When someone sells you a feature like Anonymization, you should inquire for details about what it does.
![](https://bluecoreresearch.com/wp-content/uploads/sites/3/terminology4.png)
The Problem
Why do we need data masking? The underlying problem is that many organizations copy data out of the secured production environment, and it is difficult, if not impossible, to protect the data once it is out of production. There are many possible reasons to copy data out, but the most common is for application testing and development. Other reasons include analysis, training, providing it to 3rd parties, and more.
Production data is valuable and useful for many purposes. However, outside of production, the data resides in insecure systems, can be accessed by unapproved individuals, and creates unnecessary exposure with increased security risk.
![](https://bluecoreresearch.com/wp-content/uploads/sites/3/unsafe_copies6.png)
The Solution & Objectives
The solution is to remove the sensitive data from the non-production copies. That is called Static Data Masking. And once you mask the data, you can use it in many less secure environments.
However, wiping out the sensitive data is not enough. The masked data must also be of high quality to remain valuable. Whether you need it for testing or other purposes, it must continue to yield results similar to the original data. If the masked data does not provide equivalent results, the teams using it will demand access to the original sensitive information. That is one way a masking project can fail.
Other objectives are for the data to retain data validity and application integrity. Those are important so the application will function correctly.
The problem is that removing sensitive data and retaining test quality can be in direct conflict. The better we scrub out the sensitive information, the less there is left for the testing team to test with. While data masking is not a trivial undertaking, it is not too difficult either. You need the right solution and should take the time to do it right.
There is also Dynamic Data Masking, but we will discuss it later since it is a different solution to a different problem. Yet another part of the confusing terminology.
Critical Features
These data masking capabilities are critical to evaluate as they may cause your project to fail. These features are at the core of what you need from data masking, so be sure to check them out.
![](https://bluecoreresearch.com/wp-content/uploads/sites/3/critical_features1.png)
1. Platform Support
The first requirement of a solution is that it supports the databases you need to mask.

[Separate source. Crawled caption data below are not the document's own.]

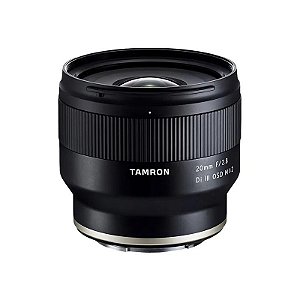 Lente Tamron 20mm F/2.8 1/2 Di-III para Sony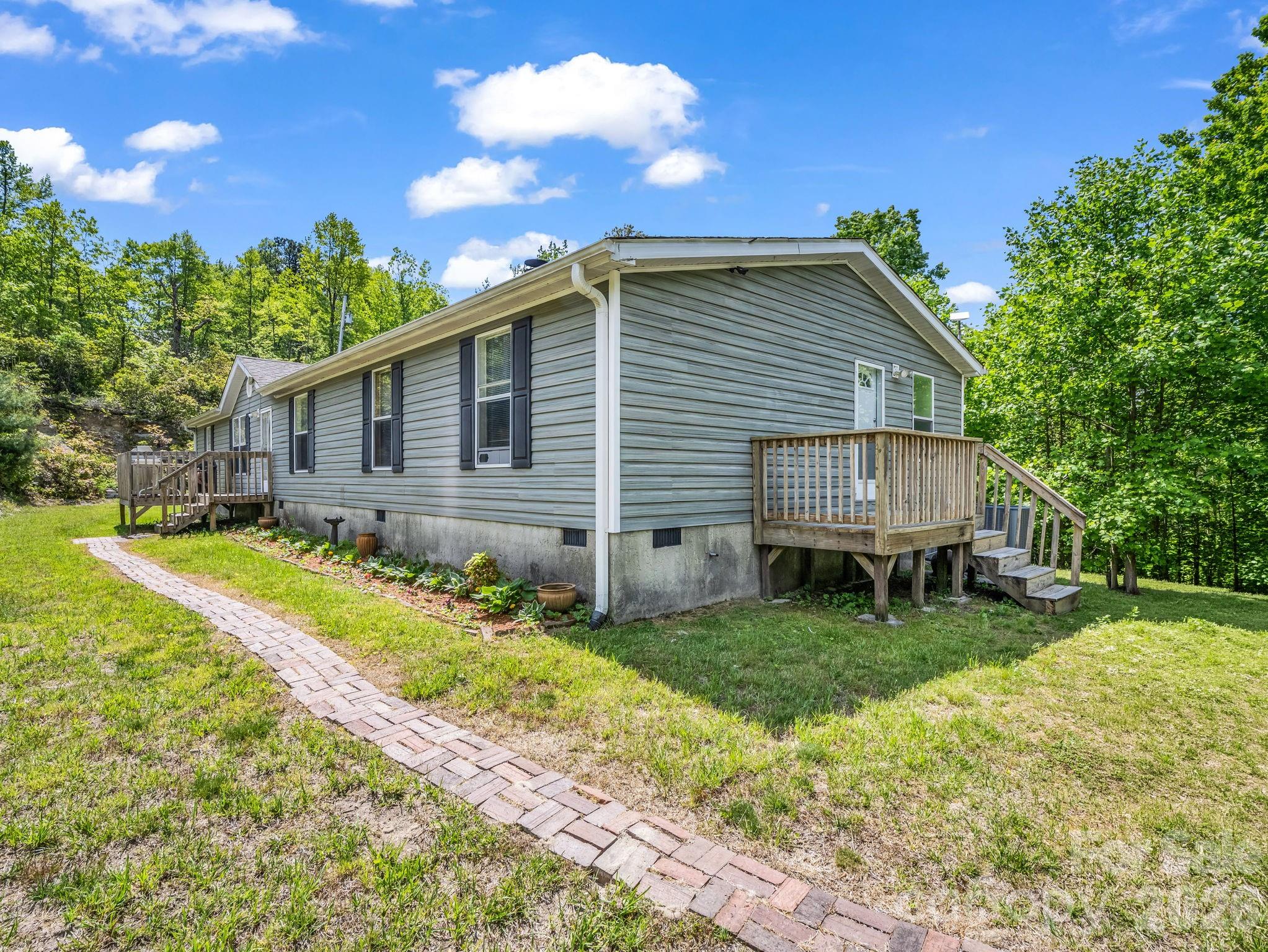 2053 Nancy Mountain Road Property Photo 4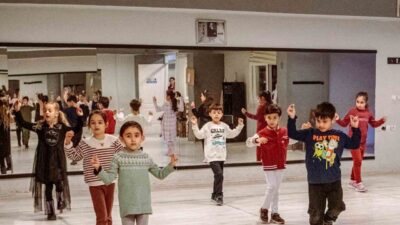 Kuşadası Belediyesi tarafından düzenlenen ücretsiz halk oyunları kursları, farklı yaş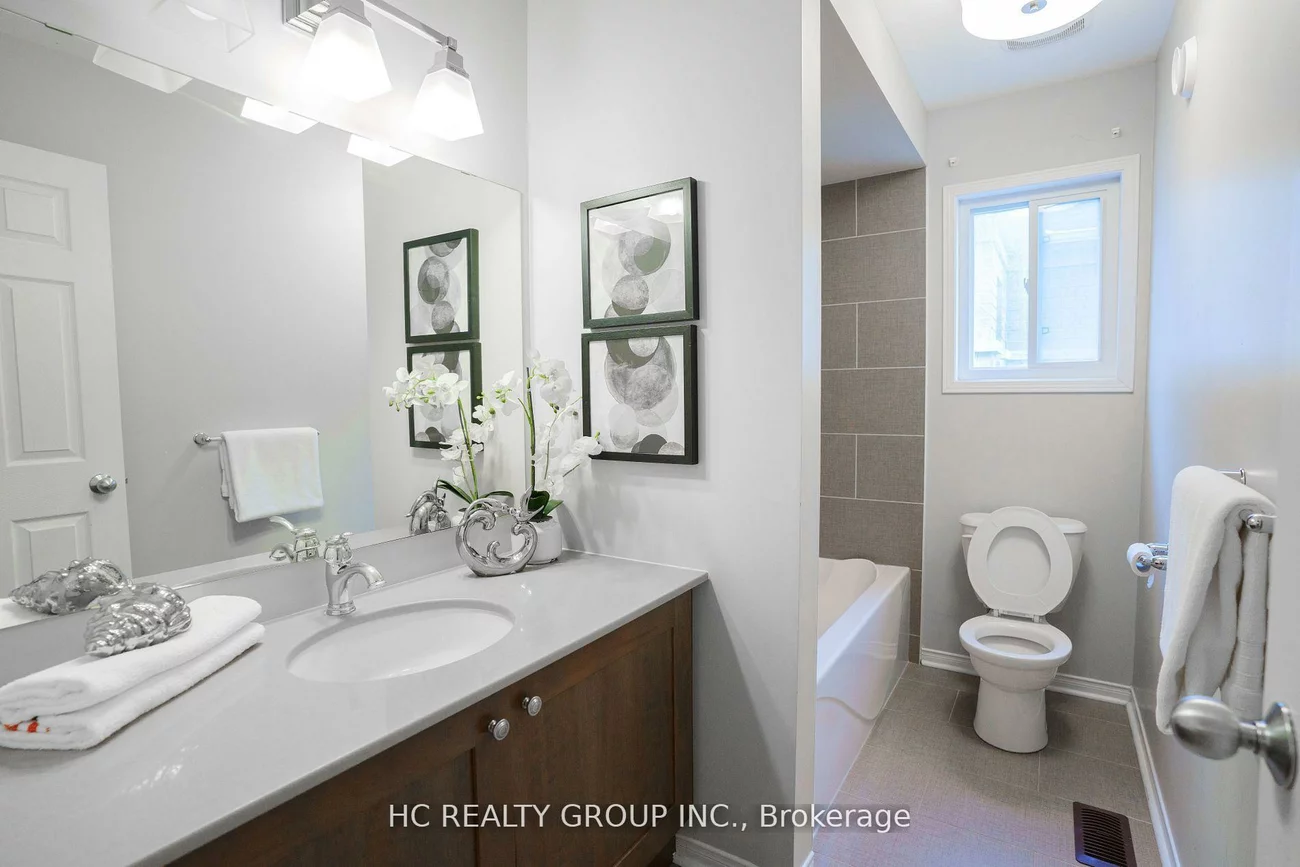 215, Armstrong, Bradford, Bradford West Gwillimbury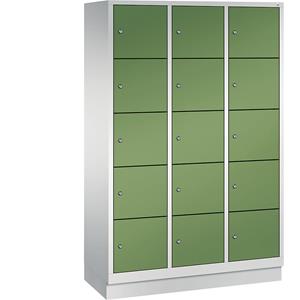 C+P CLASSIC Fächerschrank mit Sockel, 3 Abteile, je 5 Fächer, Abteilbreite 400 mm, lichtgrau / resedagrün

Whether it’s Oracle databases, SQL Server databases, CSV files, etc., the data masking solution must be able to connect to the relevant system and mask the data inside it.
The difficulty in this obvious requirement is that you may not know all the systems you need to support now and in the future. Vendors are also likely to introduce support for additional databases over time. That creates a fluid situation.

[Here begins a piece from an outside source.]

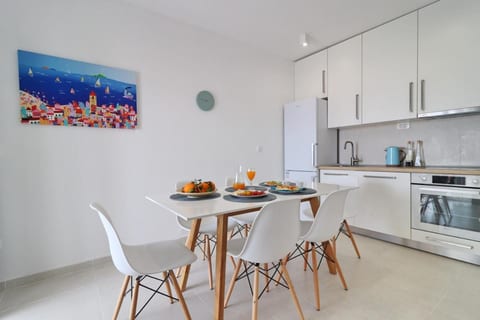 House Rosemary - Unit 370730-13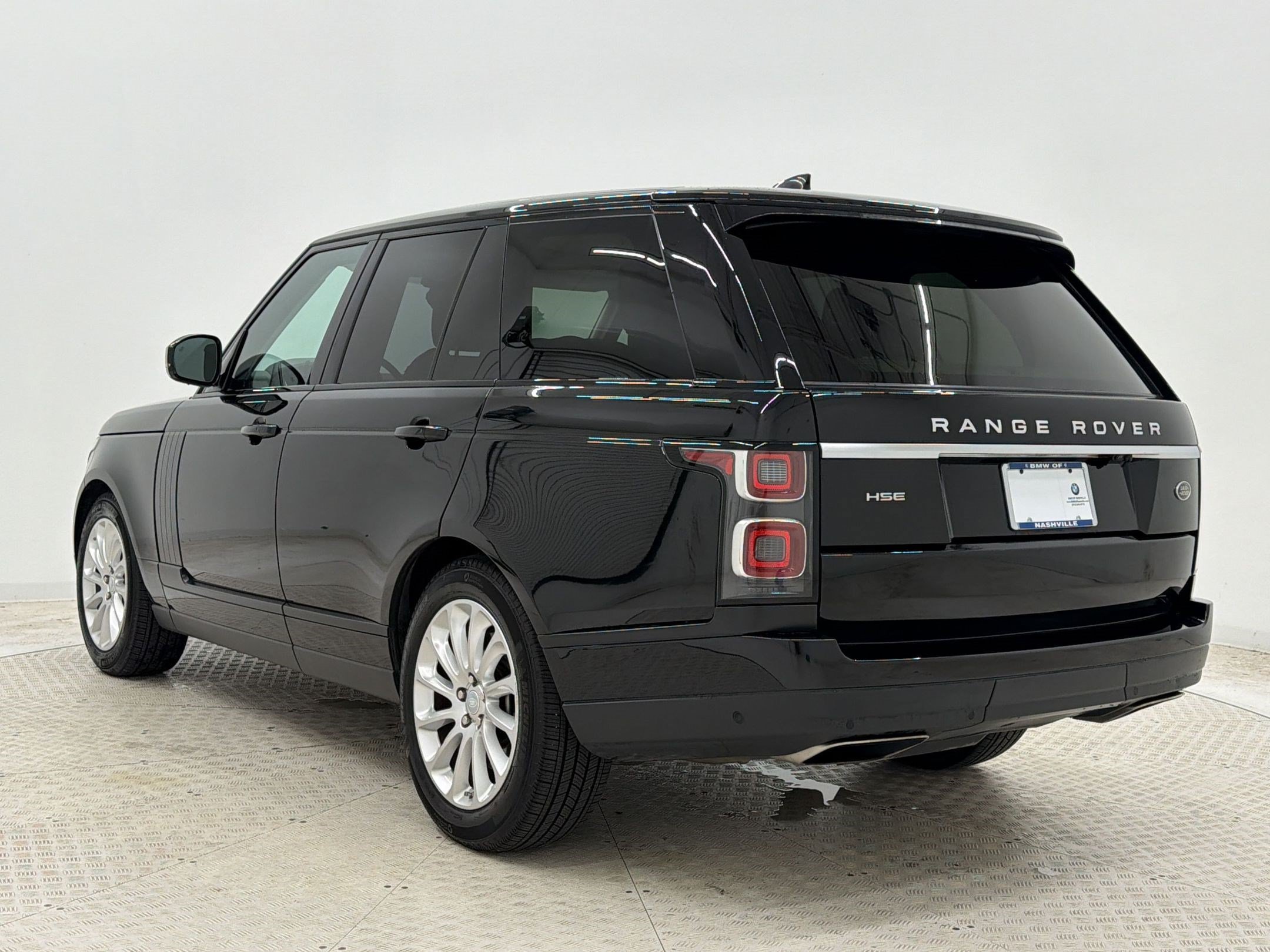 Used 2019 Land Rover Range Rover HSE AWD/4WD image 3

Best Practice: Evaluate solutions based on your expectation of your current needs and discuss with the vendor your potential future needs and how they fit with their roadmap.

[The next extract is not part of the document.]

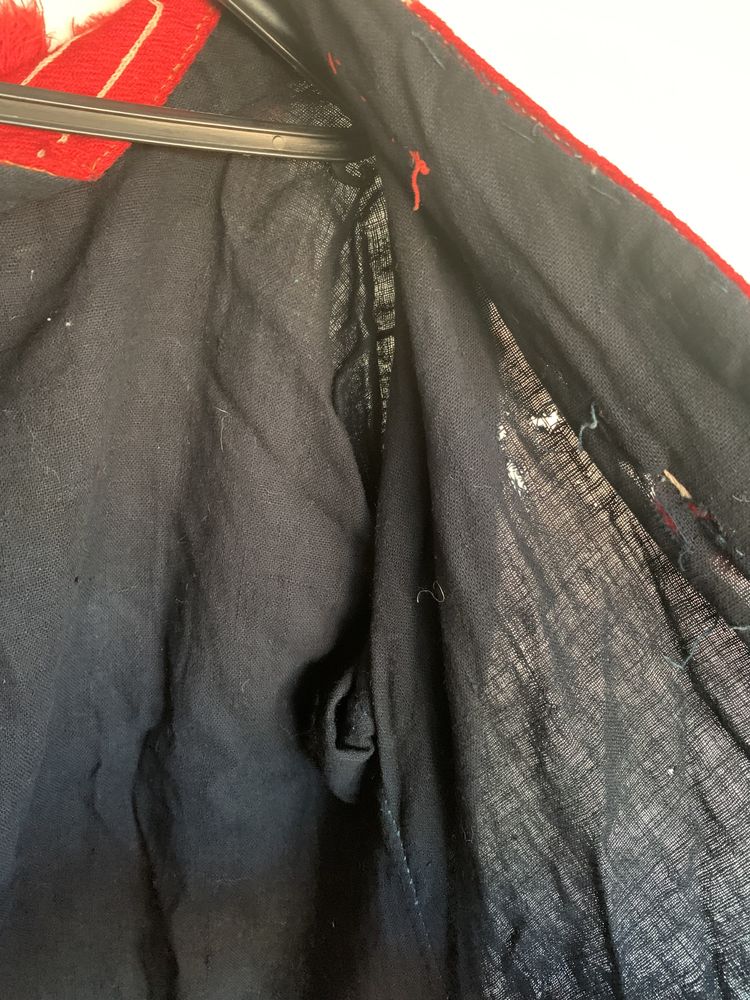 Traje muito antigo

2. Algorithms & Techniques
The algorithms & techniques available in a solution are critical to the quality of the masked data. They will determine the masking quality from a security perspective and how realistic it is in providing quality testing. It’s also central to data validity and application integrity.
In other words, the algorithms in the masking solution are the main feature affecting all the objectives.
Masking algorithms is a large subject, and we have many articles on this point alone. However, generally speaking, algorithms fall into three main categories. Data Generation algorithms create synthetic data unrelated to the original data. Value Manipulation algorithms modify the original values in some way and retain some of their properties. Profiling algorithms are a middle point as they generate data, but the generation uses a profile of the original data. There are also custom profiles and other variations that can take things even further.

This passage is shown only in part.